A 78-year-old man had part of his face chewed off during a gruesome attack in Portland, Oregon, where crime is soaring under Democratic leadership.
The 25-year-old assailant, Koryn Kraemer, attacked the victim early Tuesday at a train station in the suburb of Gresham and bit the elderly man so severely that police reported seeing his skull. When first responders arrived at the crime scene, they had to pull Kraemer off the victim's body.
Investigators are now determining whether drugs played a role. The assailant allegedly used fentanyl and marijuana before the attack, a local ABC affiliate reported.
The heinous attack comes as Portland set a new homicide record in 2022, with 100 homicides as of Dec. 29. The Democratic-run city saw a 207 percent increase in the homicide rate from 2019 to 2021. The jump was far higher than in San Francisco, Atlanta, and Minneapolis, which have also experienced crime surges in recent years.
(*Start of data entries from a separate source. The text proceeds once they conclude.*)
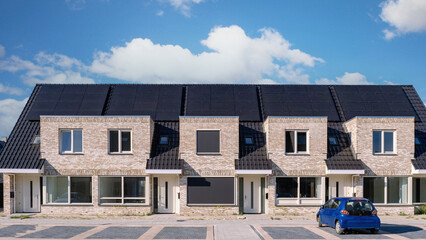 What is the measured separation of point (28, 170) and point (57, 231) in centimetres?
544

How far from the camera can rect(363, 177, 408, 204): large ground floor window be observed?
68.1ft

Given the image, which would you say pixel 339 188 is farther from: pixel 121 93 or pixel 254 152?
pixel 121 93

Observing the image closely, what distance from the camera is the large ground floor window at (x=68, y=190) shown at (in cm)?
2056

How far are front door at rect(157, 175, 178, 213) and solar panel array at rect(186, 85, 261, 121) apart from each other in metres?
4.28

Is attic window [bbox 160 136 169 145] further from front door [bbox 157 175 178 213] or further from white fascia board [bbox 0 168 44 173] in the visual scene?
white fascia board [bbox 0 168 44 173]

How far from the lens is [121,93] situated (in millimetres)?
25125

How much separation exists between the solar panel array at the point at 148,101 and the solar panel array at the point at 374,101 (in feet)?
32.7

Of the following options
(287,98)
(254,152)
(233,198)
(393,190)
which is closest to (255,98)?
(287,98)

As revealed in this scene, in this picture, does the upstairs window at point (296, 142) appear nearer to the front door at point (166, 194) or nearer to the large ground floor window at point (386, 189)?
the large ground floor window at point (386, 189)

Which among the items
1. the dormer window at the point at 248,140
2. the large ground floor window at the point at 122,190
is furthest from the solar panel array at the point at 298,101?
the large ground floor window at the point at 122,190

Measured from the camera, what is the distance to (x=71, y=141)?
20688mm

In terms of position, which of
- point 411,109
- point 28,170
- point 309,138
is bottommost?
point 28,170

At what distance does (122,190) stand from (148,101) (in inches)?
239

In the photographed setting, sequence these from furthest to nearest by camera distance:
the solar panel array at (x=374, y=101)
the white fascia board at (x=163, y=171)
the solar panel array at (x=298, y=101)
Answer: the solar panel array at (x=374, y=101) < the solar panel array at (x=298, y=101) < the white fascia board at (x=163, y=171) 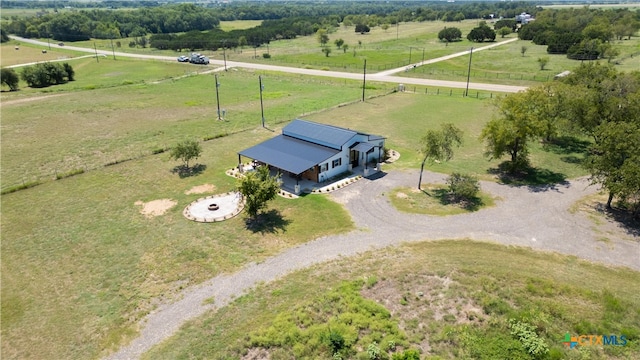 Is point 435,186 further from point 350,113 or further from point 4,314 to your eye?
point 4,314

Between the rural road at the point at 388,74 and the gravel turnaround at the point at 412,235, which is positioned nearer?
the gravel turnaround at the point at 412,235

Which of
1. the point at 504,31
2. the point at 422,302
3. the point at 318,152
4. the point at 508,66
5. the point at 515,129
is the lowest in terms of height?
the point at 422,302

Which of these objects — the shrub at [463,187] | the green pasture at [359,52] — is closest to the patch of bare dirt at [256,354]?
the shrub at [463,187]

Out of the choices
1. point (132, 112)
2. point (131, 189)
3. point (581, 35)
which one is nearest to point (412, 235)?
point (131, 189)

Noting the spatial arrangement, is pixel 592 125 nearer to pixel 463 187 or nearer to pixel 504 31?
pixel 463 187

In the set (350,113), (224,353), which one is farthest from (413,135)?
(224,353)

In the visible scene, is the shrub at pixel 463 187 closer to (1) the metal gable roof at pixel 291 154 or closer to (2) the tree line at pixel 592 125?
(2) the tree line at pixel 592 125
Democratic governor Kate Brown, whose party retained control of the governorship in November, has faced criticism for being soft on crime. Brown in April granted clemency to a man who shot and killed a teenage girl and failed to notify the victim's family. The governor in December also commuted all death sentences in Oregon, sparking outrage from the victims' families.
"I'm horrified and outraged and I don't know what this means," said Sue Shirley, whose parents were murdered in 1988. "All I know is that we never get to have a say."
Multnomah County, where Portland is county seat, dismissed 300 criminal cases between February and December last year. A total 2,500 felony cases were impacted by delays or dismissals for a lack of available defenders.